■ Exercise inputs
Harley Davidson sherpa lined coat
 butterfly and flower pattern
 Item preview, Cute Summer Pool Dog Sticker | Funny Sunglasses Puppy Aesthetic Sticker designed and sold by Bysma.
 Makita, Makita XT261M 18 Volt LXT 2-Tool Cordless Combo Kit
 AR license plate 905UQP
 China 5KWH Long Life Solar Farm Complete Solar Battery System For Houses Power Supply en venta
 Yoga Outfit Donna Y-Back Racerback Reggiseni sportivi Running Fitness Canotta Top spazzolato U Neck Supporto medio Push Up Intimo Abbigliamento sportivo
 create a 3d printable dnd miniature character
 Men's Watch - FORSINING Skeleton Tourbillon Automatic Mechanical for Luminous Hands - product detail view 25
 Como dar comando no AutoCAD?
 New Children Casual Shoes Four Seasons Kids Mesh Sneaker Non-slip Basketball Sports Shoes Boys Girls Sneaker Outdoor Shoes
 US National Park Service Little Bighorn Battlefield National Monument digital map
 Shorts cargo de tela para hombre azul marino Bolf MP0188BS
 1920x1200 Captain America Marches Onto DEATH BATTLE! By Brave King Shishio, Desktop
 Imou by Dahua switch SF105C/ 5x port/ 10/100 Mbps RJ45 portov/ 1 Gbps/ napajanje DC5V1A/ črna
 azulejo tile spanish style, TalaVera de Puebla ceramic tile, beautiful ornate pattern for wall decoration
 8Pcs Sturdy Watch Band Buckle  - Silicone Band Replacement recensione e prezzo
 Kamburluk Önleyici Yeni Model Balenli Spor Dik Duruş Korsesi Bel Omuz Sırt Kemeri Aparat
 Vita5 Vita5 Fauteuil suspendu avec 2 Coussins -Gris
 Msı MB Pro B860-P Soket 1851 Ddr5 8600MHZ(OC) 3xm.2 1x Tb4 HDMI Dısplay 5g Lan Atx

■ Exercise
Which of the lines above hold the string "pattern"? Pick each of them out.

■ Solved problem
 butterfly and flower pattern
 azulejo tile spanish style, TalaVera de Puebla ceramic tile, beautiful ornate pattern for wall decoration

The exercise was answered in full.